The Find/Change functionality seems pretty limited in Illustrator, since it can only find and change the text itself. It's much more sophisticated in InDesign where you, among other things, can change the styling of the found text.
I have written a small script which I hope will help you (even though I don't really know much about your document). It does the following:
- Prompts for a list of words.
- Finds all text frames in the document.
- Compares each text frame with each search word.
- Selects the text frame if there is a match.
The list of words must be a comma-separated list. Spaces are allowed and will be included in the search. So a search for one,two,three
will search for "one", "two" and "three", whereas a search for one, two, three
will search for "one", " two" and " three", with the spaces included in the search. You can search for whole sentences with spaces, but they can't have commas.
Note that there must be an exact match for the text frame to be selected.

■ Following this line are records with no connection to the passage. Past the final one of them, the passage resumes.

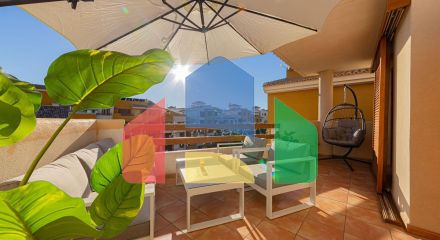 Апартаменты в Торревьеха ID A9536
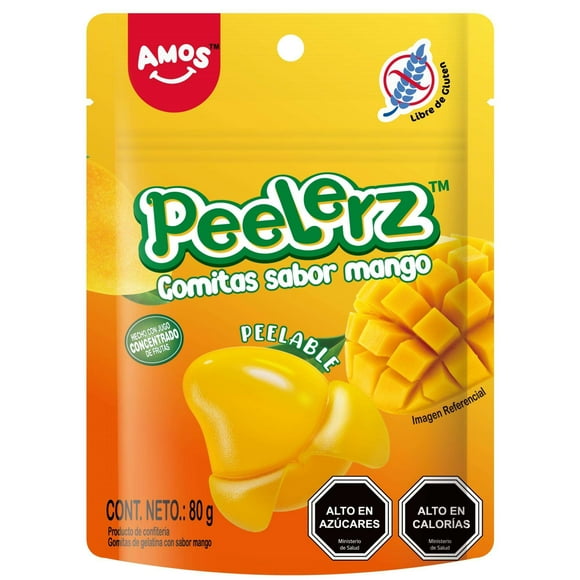 Gomitas Peelerz Mango, 80 g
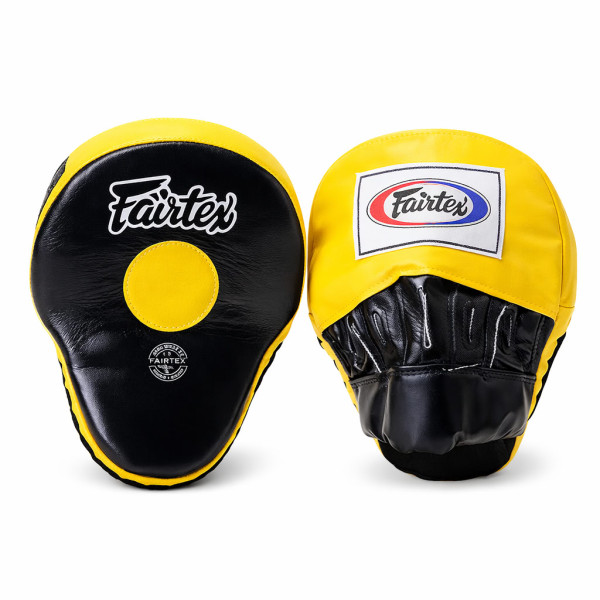 Лапи Fairtex Classic Pro Mitts FMV10 Black Yellow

If you need to search for commas, you can change the comma in var words = wordString.split(",");
to another character to use as list separator.

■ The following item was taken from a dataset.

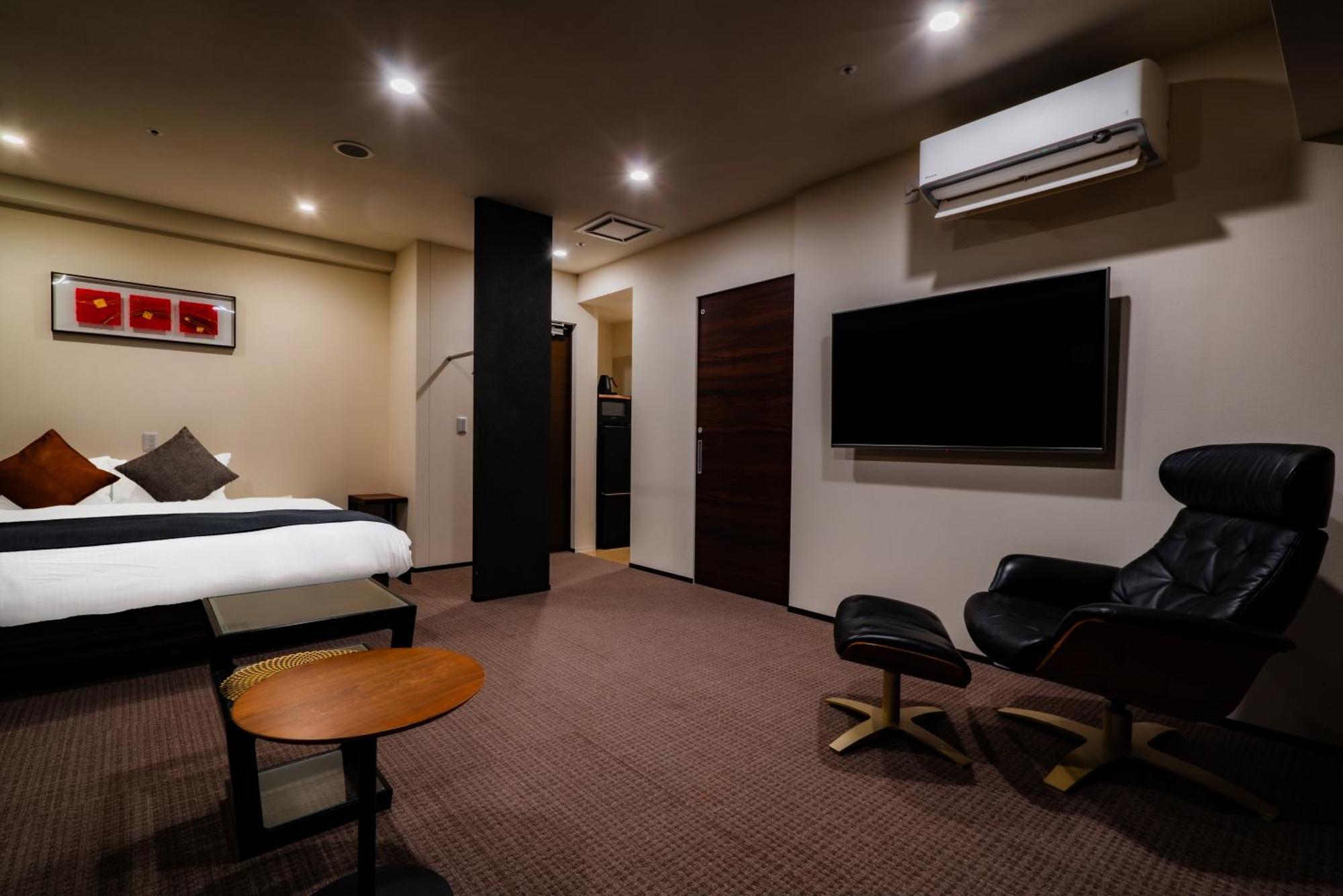 Randor Hotel Sapporo Suites Номер фото A room at Hotel RESOL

Copy/paste the script below to a text editor and save as a .jsx
file. Make sure everything in the document is unlocked and run it with File > Scripts > Other Script...
#target illustrator
var wordString = prompt(
"Select text frames containing certain words or phrases." +
"Input words or phrases to search for as a comma-separated list." +
"Spaces are allowed and will be included in the search.",
"please,insert your,search,phrases like,this"
);
if (wordString != undefined) {
var words = wordString.split(",");
var document = app.activeDocument;
var textFrames = document.textFrames;
var textFrameCount = 0;
document.selection = null;
for (var i = 0; i < textFrames.length; i++) {
var textFrame = textFrames[i];
var contents = textFrame.contents;
for (var j = 0; j < words.length; j++) {
var word = words[j];
if (word === contents) {
textFrame.selected = true;
textFrameCount++;
}
}
}
alert(textFrameCount + " Text Frame" + (textFrameCount === 1 ? "" : "s") + " selected");
}
I'm unsure of how robust the script is - please let me know if it works for you.